All that is going to change. The owners have acquired land across Snow Hill Road. Holes from the front nine and the back nine will be built on that land as golfers will cross the road a couple of times during the course of the round.

But long before that becomes reality, Hampton Creek owners have to pick a designer to complete the job. Jacobsen and Hardy are candidates, and another is Jay Morrish, who has built several standout courses on his own and in partnership with Tom Wieskopf. Three courses with Morrish’s name on them are used for PGA Tour tournaments.

"We were tremendously impressed with what Jim and Peter had to say," said Rick Balthrop of Hampton Creek. "We were impressed with their character and how they treated everybody. It would be a thrill to work with them on the project. But you can talk for days about Jay Morrish and what he’s done. It’ll be a hard decision to make, but one we want to do quickly."

Morrish and his son Carter toured the Hampton Creek site three months ago, and like Hardy and Jacobsen, came away impressed.

"Hardy and Jacobsen were impressed with the overall feel of the golf course," Balthrop said. "And they loved our greens."

Hampton Creek has some of the best greens in town, thanks to a decision to use Crenshaw bent grass and hire former Honors Course assistant Mike Anderson to take care of them. Anderson learned from one of the best at The Honors, greens superintendent David Stone.

Balthrop is confident Hampton Creek can become a quality championship course when the holes are built on the new property.

"We joked about it," Balthrop said. "I told Peter on the phone that he’s probably heard it a million times, but we’ve got the prettiest piece of property I’ve ever seen."

The land has gently rolling hills and a healthy stand of trees. The same creek that meanders around the original nine does the same on the new property. The golf course will eventually have a nice view of Wolftever Lake, but holes probably won’t be built adjacent to the lake. That land will be reserved for lake front homes.
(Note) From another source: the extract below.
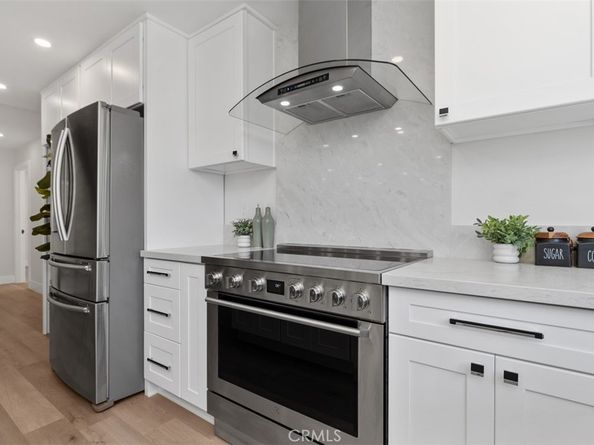 3871 Hendrix Street, Irvine CA 92614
"We think we can have a good golf course with our greens and the scenery," Balthrop said. "We know the existing holes need some work. But we think if you pull these holes out and imagine they were part of an 18-hole golf course, they’d stand up on their own."

Whoever is chosen to design the new nine will actually have to weave the existing holes into the plan. That will be challenging, as Jacobsen pointed out in his walk through of the course.
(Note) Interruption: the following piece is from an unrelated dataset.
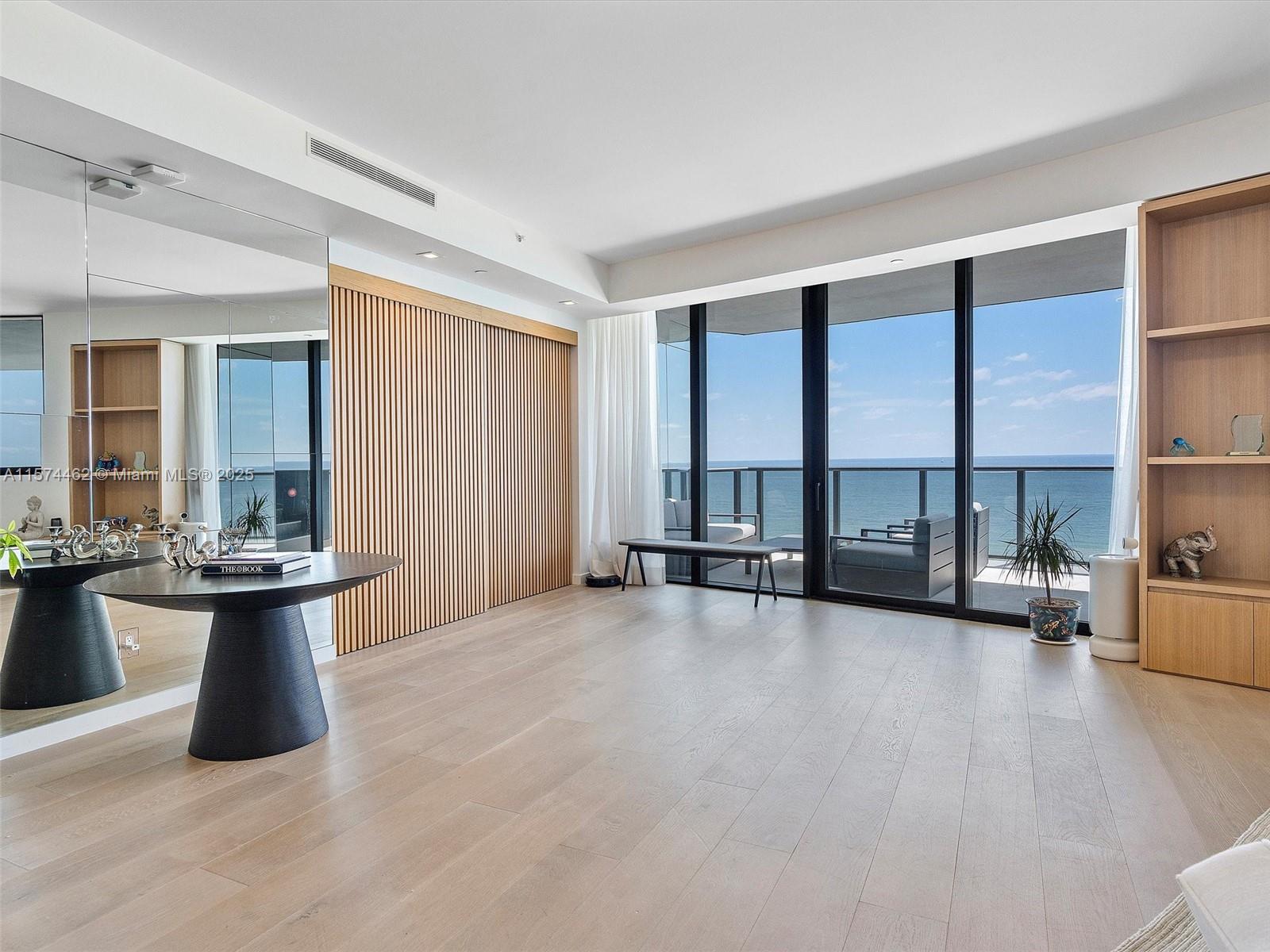 18555 COLLINS AVENUE COND - Residential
"They recognized some deficiencies," Balthrop said. "Peter noticed that there weren’t a lot of opportunities to pull out a driver."

The task for the new designer will be to carve out some longer par-4 holes and find another couple of par-5s. But the land is there.

"You can just look at the land and imagine golf holes on it," Balthrop said. "We could have something truly unique out here, a course where you’ll go out [on the front nine] and then come back in, like the traditional old courses used to do. We can build another clubhouse and locate it more strategically between the nines. There’s a lot we can do here. We’re excited about the possibilities."